The committee considered multiple consent and small-business-obligation (SBO) items related to grants and program funding.
Skyler Brown described a pass-through grant from the Association of Washington Cities and Commerce for $272,292 to cover required energy audits for city facilities; the grant covers 100% of audit costs though the full contract includes administrative fees. Brown said incentives available after the audit could recover substantial additional funds and that net city cost could be low after incentive programs.

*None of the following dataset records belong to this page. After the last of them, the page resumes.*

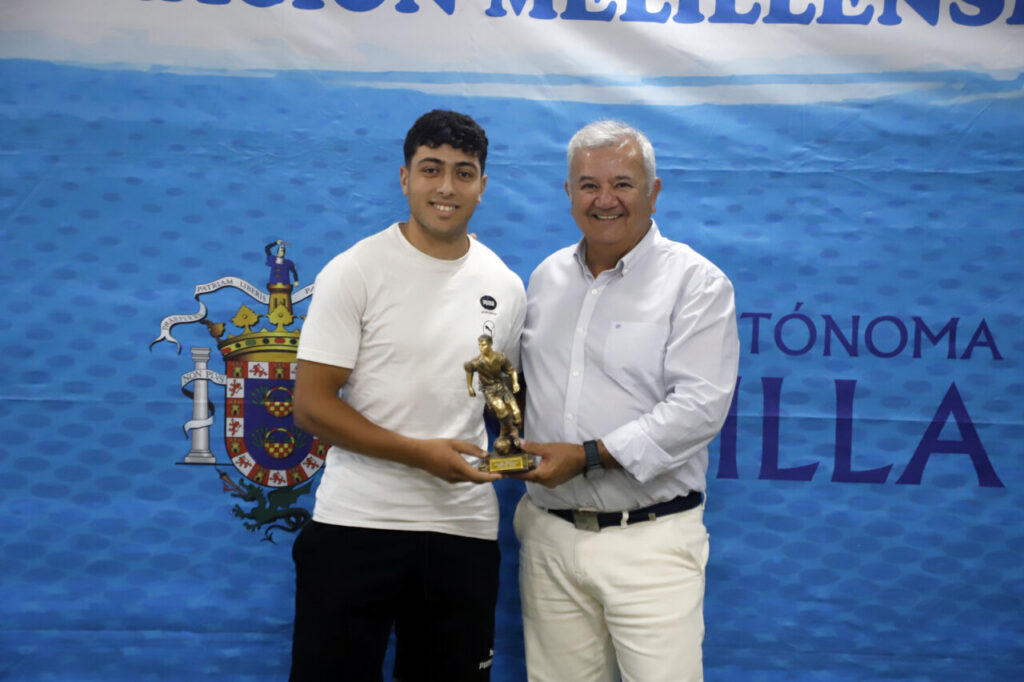 Entrega de trofeos de fútbol en Melilla con jugadores y presidente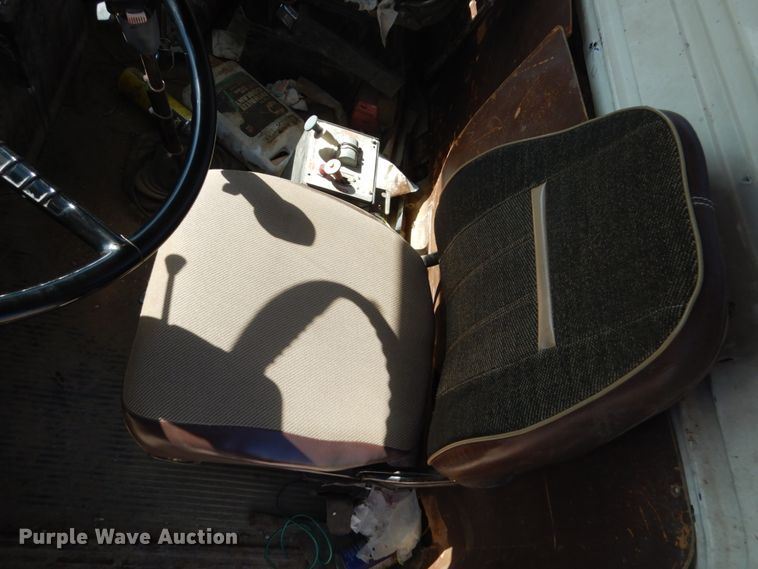 image for item FU9543 1986 Ford LT9000 semi truck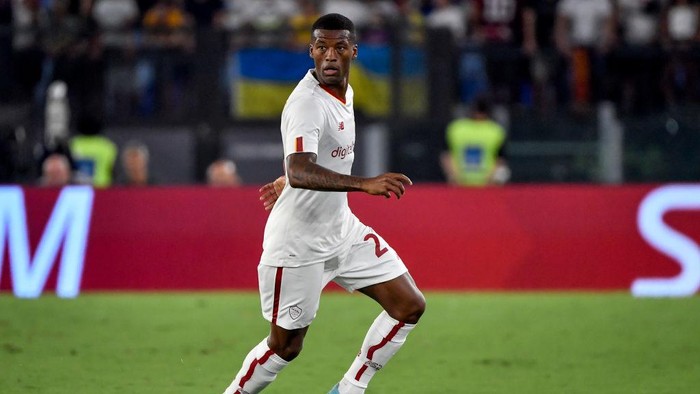 OLIMPICO STADIUM, ROME, ITALY - 2022/08/07: Georginio Wijnaldum of AS Roma in action during the pre-season friendly football match between AS Roma and of Shakhtar Donetsk. AS Roma won 5-0 over Shakhtar. (Photo by Andrea Staccioli/Insidefoto/LightRocket via Getty Images)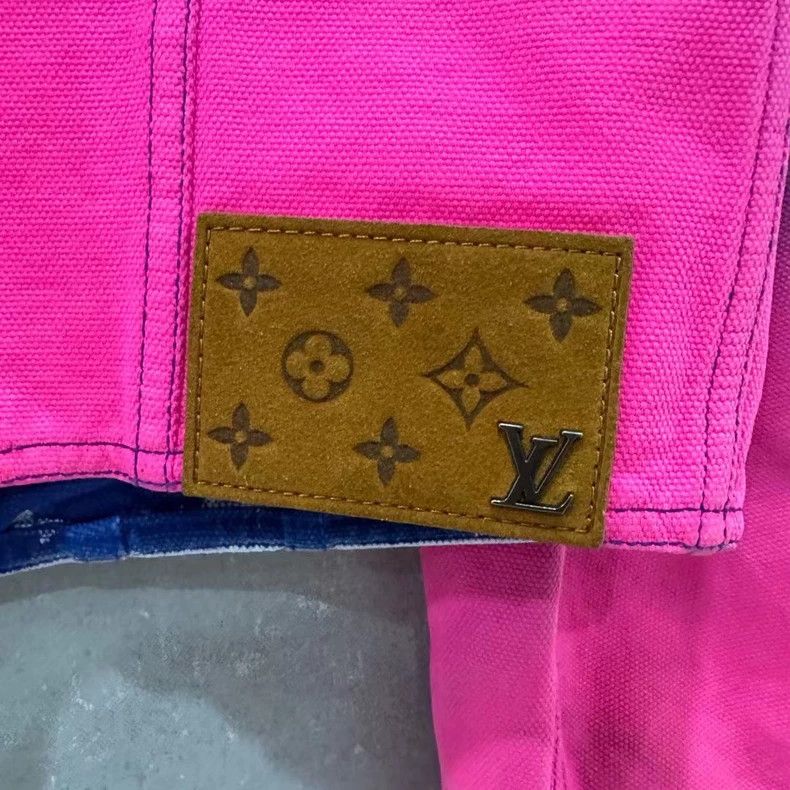 Louis Vuitton louis vuitton blue pink gradient denim jacket Size US L / EU 52-54 / 3 - 5 Thumbnail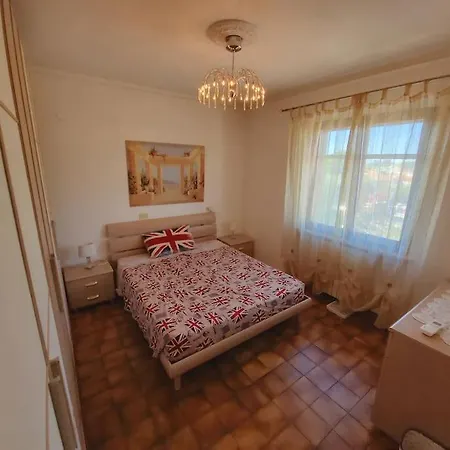 Sirolo Central Apartment * סירולו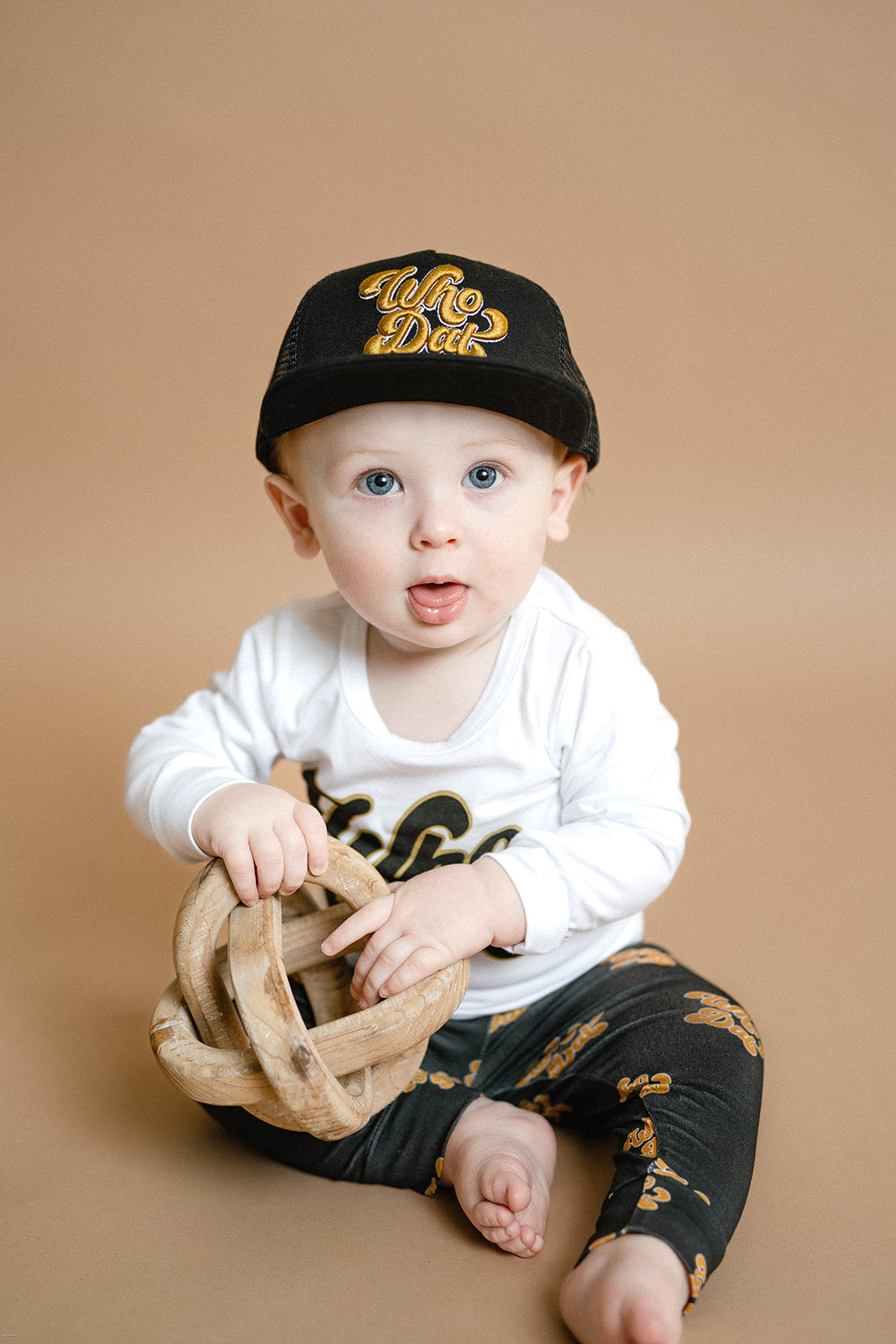 flat brim trucker hat || who dat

Staff also proposed reallocating remaining ARPA funds to cover administrative costs associated with ARPA program delivery. The administration said the grants analyst and accounting staff who have run the ARPA program have been underfunded for administration expenses and suggested moving approximately $220,000 of leftover ARPA to administration to cover average annual admin costs and avoid future budget gaps.
Jason Oconoske discussed apprenticeship-program penalty funds totaling roughly $100,000 identified as available for pre-apprenticeship grants. Staff proposed increasing the per-entity cap from $2,500 to $10,000 to support more robust pre-apprenticeship programming and to require evidence of program impact.
Council members asked questions about administration costs, incentive recoveries, and the scope of allowable ARPA administrative uses. Staff said legal review concluded the reallocation is allowable and currently administrative allocations to the city would remain small (about 1% of total ARPA remaining in the city's administration). No votes were taken in committee.